§ ASSIGNMENT:
With the images left out, print all of the records below exactly.

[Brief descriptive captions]
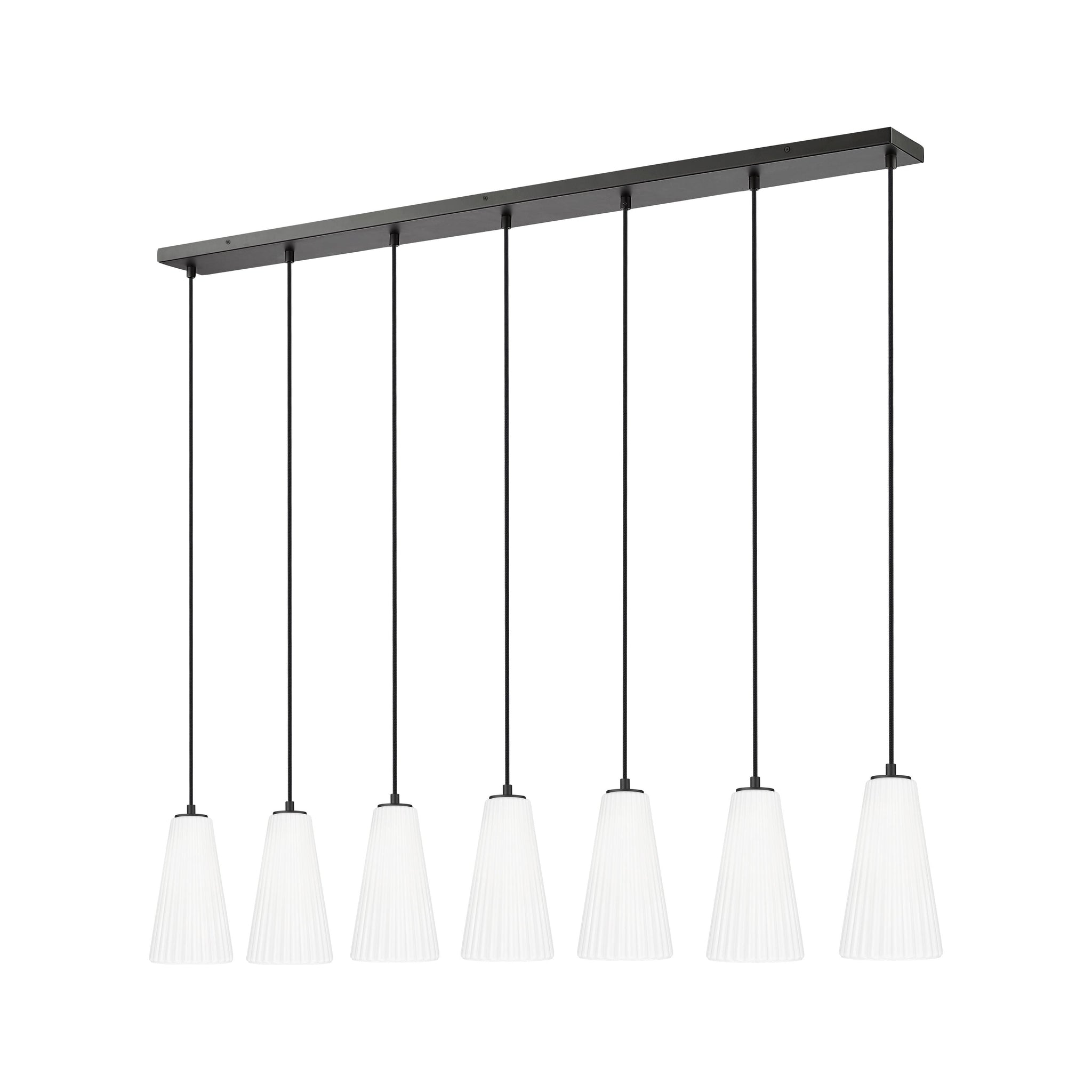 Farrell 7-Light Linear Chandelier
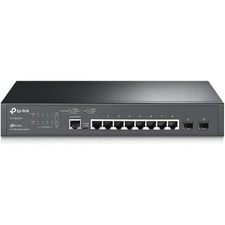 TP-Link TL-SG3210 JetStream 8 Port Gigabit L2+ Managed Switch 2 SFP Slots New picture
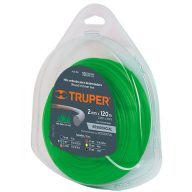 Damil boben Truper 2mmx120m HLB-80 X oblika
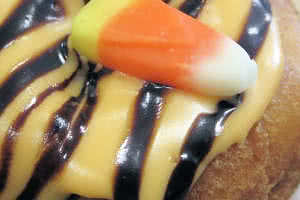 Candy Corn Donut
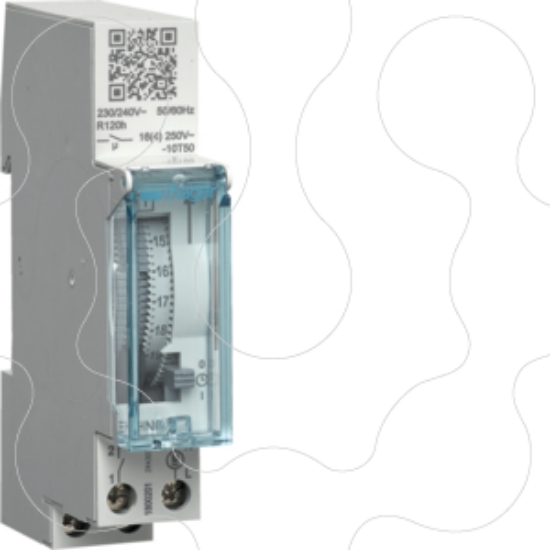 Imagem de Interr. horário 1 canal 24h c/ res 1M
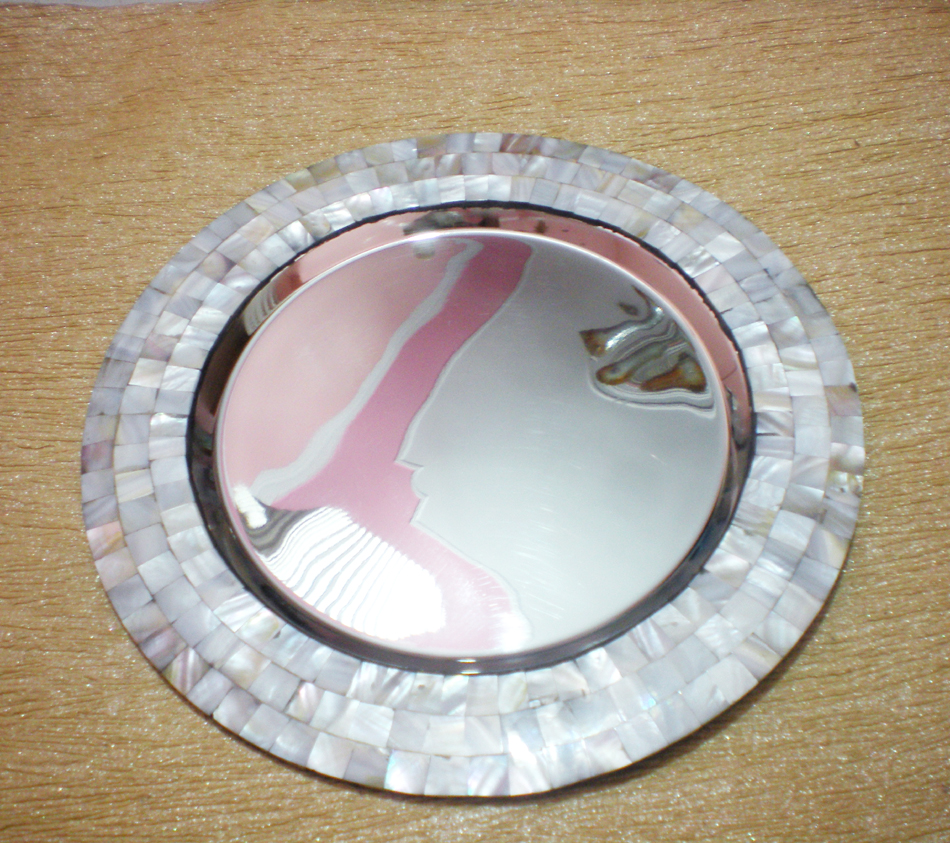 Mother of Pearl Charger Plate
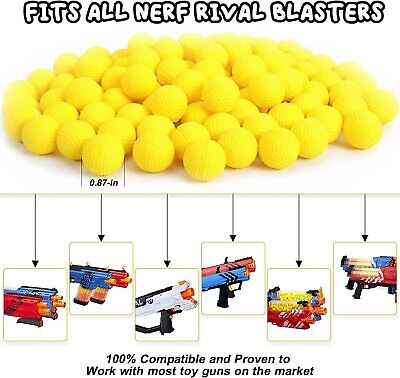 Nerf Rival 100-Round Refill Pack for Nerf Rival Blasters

§ TASK RESULT:
 Farrell 7-Light Linear Chandelier
 TP-Link TL-SG3210 JetStream 8 Port Gigabit L2+ Managed Switch 2 SFP Slots New picture
 Damil boben Truper 2mmx120m HLB-80 X oblika
 Candy Corn Donut
 Imagem de Interr. horário 1 canal 24h c/ res 1M
 Mother of Pearl Charger Plate
 Nerf Rival 100-Round Refill Pack for Nerf Rival Blasters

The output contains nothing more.